Antoni Franciszek Ksawery Sotkiewicz (12 January 1826 – 4 May 1901) was a Roman Catholic bishop of Sandomierz and professor. Ordained a priest in 1849, he served as a professor in various institutions before being consecrated Bishop of Sandomierz in 1883.

==Biography==
Sotkiewicz was born on 12 January 1826. He began attending the seminary in Sandomierz in 1842. He was ordained a subdeacon on 25 July 1849 and a deacon on 29 July; he was ordained a priest on 5 August by Józef Goldtmann. He obtained a doctorate of theology from the Akademia Duchowna w Warszawie in 1850. On 24 August 1853, he was appointed viceregent and a professor of the diocesian seminary in Sandomierz. He was nominated a professor of church law at the Akademia Duchowna w Warszawie on 22 December 1861 and would serve as professor until 1867. He also served as the publisher and editor of Przegląd Katolicki, a Catholic weekly newspaper.

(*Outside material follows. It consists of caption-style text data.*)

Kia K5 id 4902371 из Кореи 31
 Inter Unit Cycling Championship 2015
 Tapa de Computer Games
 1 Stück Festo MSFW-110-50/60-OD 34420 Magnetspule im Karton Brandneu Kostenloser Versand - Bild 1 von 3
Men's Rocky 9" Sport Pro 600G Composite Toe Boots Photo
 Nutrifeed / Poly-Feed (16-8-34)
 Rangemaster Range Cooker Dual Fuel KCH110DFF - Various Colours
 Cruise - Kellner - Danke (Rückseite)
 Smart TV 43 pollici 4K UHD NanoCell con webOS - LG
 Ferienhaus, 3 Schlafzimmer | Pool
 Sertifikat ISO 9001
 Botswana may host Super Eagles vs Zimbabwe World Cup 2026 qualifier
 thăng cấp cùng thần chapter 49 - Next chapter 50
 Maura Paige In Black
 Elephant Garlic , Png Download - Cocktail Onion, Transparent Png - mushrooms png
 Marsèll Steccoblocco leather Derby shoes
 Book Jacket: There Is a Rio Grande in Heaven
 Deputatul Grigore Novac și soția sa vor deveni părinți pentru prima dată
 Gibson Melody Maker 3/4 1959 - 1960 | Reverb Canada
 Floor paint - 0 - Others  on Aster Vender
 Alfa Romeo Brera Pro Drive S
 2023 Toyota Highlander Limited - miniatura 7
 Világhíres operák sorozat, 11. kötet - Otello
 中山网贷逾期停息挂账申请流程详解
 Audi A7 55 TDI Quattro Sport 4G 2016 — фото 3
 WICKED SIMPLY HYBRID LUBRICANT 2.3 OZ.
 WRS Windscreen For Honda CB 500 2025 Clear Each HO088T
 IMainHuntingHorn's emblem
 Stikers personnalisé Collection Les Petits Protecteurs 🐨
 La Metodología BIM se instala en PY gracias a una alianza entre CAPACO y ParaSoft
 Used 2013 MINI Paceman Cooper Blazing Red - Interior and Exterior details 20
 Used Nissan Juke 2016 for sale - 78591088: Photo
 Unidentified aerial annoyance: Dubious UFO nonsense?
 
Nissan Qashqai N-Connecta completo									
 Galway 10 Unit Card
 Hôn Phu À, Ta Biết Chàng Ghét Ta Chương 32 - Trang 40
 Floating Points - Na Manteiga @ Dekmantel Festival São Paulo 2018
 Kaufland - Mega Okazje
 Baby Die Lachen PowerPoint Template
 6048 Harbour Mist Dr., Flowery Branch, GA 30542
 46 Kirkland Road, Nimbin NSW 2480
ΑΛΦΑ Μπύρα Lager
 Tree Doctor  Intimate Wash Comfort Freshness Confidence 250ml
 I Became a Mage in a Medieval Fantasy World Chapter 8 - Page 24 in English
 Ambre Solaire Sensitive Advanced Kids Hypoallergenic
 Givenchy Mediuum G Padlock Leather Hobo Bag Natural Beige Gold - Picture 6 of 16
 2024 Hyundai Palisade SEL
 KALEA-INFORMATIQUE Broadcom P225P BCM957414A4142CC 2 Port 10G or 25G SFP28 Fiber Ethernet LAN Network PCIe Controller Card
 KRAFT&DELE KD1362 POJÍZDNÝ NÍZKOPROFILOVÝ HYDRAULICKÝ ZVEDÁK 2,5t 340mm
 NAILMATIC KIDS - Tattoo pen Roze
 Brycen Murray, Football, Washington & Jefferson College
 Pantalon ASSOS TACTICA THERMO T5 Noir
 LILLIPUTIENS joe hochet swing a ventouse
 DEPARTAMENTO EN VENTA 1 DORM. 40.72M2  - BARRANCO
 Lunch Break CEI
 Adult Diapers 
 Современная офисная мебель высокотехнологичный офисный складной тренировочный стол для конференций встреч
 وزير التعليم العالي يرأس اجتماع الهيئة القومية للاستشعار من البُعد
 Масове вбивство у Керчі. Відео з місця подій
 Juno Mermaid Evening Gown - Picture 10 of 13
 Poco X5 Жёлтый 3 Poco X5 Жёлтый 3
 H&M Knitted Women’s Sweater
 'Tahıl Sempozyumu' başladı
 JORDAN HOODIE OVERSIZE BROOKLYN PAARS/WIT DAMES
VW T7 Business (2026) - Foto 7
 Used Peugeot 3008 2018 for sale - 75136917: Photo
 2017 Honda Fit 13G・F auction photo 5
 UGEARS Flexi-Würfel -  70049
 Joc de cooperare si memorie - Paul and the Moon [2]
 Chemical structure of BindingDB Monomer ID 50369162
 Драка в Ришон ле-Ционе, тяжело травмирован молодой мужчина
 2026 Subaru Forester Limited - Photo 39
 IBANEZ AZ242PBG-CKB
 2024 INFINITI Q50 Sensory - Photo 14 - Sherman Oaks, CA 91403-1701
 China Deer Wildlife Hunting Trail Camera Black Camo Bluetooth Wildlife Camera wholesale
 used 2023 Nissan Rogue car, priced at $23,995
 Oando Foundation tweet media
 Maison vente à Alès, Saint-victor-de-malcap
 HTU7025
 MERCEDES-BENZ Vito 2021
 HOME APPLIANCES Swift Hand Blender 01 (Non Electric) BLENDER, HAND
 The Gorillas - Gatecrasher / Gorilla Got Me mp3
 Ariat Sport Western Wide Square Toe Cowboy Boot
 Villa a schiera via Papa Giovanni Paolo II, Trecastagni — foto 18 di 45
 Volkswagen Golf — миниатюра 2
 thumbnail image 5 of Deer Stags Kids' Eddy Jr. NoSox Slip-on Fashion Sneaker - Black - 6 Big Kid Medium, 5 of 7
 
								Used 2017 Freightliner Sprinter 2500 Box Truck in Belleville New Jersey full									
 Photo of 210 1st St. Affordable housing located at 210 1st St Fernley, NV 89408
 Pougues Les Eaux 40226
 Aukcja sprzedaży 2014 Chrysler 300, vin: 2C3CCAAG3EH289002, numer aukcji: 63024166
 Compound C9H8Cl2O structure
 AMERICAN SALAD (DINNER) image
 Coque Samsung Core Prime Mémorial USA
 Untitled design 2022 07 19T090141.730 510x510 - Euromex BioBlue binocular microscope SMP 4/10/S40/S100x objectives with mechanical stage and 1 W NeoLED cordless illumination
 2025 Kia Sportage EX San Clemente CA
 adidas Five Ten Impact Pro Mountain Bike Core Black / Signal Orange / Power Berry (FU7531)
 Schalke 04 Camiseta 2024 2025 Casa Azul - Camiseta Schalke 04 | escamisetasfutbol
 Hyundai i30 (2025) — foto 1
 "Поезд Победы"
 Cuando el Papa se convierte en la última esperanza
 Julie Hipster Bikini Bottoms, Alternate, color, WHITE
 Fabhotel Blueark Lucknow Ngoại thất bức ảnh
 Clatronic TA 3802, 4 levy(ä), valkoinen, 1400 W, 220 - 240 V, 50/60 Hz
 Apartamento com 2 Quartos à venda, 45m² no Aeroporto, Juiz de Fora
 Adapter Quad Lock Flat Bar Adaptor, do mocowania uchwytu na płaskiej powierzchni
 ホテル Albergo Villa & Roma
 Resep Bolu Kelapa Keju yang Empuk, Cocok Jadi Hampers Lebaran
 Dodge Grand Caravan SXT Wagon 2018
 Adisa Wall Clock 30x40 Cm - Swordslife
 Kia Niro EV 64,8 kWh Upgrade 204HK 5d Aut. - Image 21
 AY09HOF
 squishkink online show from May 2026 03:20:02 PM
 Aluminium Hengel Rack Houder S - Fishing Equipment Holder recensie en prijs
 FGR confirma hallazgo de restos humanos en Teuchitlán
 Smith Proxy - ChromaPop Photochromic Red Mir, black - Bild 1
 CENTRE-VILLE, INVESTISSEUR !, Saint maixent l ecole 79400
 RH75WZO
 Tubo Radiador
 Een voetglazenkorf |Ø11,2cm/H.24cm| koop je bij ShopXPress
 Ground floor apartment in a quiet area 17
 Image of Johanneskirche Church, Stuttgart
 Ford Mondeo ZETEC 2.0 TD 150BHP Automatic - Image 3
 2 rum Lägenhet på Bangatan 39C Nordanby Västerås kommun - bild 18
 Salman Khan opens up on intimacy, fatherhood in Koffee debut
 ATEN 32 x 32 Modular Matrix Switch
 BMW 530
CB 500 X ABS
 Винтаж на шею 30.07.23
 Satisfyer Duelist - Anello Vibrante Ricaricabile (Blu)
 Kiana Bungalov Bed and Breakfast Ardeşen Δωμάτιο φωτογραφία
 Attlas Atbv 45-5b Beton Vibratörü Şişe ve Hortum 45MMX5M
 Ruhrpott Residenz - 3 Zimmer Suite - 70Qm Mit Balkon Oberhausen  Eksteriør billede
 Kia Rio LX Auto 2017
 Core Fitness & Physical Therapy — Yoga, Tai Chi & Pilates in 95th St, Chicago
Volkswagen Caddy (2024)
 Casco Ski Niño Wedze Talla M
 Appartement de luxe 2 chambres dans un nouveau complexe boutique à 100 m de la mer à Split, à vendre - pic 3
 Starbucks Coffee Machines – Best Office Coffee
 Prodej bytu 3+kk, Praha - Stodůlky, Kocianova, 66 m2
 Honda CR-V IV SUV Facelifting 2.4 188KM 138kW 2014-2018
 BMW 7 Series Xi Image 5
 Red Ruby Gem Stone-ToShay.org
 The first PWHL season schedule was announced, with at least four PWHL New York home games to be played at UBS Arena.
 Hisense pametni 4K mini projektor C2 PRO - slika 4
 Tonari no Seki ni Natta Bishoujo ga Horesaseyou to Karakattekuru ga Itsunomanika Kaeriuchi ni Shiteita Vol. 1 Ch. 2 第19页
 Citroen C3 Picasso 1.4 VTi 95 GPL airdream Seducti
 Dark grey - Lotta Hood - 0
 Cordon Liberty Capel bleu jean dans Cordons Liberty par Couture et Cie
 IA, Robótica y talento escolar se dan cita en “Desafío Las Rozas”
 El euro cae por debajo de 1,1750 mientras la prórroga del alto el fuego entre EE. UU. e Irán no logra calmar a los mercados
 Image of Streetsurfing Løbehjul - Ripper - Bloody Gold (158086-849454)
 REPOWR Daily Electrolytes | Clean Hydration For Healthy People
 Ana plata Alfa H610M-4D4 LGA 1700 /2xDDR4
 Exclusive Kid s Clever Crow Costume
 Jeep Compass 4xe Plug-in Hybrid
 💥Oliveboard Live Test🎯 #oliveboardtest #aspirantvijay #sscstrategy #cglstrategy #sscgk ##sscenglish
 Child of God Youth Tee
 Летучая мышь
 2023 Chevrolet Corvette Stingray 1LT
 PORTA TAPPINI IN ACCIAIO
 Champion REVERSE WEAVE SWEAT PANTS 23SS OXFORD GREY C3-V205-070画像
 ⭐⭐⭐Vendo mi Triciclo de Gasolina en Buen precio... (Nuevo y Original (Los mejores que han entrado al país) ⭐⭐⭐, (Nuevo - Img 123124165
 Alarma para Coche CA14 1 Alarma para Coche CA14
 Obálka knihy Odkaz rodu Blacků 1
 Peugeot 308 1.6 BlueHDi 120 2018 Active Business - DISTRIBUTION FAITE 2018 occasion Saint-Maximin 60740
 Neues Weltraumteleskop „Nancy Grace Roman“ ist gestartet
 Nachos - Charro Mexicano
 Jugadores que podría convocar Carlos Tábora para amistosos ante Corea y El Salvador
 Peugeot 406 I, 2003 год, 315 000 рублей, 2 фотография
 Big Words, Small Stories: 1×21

On 15 November 1877, Sotkiewicz was appointed apostolic administrator of the Archdiocese of Warsaw. He was consecrated Bishop of Sandomierz on 20 May 1883, with Wincenty Teofil Popiel as primary consecrator and Karol Hryniewiecki & Szymon Marcin Kozłowski as co-consecrators. In 1899, he was appointed by Leo XIII as a Roman count and an assistant to the papal throne.

Sotkiewicz died during the night between 3 and 4 May 1901; he was buried in the cathedral at Sandomierz.